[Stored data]
++++++++++++++++++++
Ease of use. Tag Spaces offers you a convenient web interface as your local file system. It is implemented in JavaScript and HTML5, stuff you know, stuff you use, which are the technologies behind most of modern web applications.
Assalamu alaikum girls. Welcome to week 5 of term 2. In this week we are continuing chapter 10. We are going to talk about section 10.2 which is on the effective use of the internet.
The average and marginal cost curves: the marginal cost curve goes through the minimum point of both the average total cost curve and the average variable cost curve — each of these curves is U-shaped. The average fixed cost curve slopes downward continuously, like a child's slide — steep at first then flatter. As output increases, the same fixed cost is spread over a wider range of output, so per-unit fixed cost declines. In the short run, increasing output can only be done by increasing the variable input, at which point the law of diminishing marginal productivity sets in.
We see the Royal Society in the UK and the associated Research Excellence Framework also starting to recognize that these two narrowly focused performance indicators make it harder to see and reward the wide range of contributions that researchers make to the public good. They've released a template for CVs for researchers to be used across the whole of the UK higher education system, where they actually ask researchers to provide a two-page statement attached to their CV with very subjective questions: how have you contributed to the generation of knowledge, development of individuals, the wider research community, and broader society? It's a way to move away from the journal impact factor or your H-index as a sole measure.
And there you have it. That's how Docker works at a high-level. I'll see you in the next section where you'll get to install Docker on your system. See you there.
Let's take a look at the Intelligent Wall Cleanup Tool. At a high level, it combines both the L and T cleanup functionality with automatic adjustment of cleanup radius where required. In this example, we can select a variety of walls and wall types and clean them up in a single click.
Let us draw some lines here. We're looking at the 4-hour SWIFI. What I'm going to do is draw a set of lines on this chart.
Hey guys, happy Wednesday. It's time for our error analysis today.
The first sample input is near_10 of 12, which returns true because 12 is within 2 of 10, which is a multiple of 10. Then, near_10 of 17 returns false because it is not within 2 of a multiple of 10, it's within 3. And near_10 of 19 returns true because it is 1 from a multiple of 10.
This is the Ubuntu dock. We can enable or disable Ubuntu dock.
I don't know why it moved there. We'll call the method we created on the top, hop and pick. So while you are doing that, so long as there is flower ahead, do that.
++++++++++++++++++++
— TASK ITEM —
From the line with "Let's take a" to the final line of the data above, please reproduce every line exactly and add nothing.

— EXERCISE RESPONSE —
Let's take a look at the Intelligent Wall Cleanup Tool. At a high level, it combines both the L and T cleanup functionality with automatic adjustment of cleanup radius where required. In this example, we can select a variety of walls and wall types and clean them up in a single click.
Let us draw some lines here. We're looking at the 4-hour SWIFI. What I'm going to do is draw a set of lines on this chart.
Hey guys, happy Wednesday. It's time for our error analysis today.
The first sample input is near_10 of 12, which returns true because 12 is within 2 of 10, which is a multiple of 10. Then, near_10 of 17 returns false because it is not within 2 of a multiple of 10, it's within 3. And near_10 of 19 returns true because it is 1 from a multiple of 10.
This is the Ubuntu dock. We can enable or disable Ubuntu dock.
I don't know why it moved there. We'll call the method we created on the top, hop and pick. So while you are doing that, so long as there is flower ahead, do that.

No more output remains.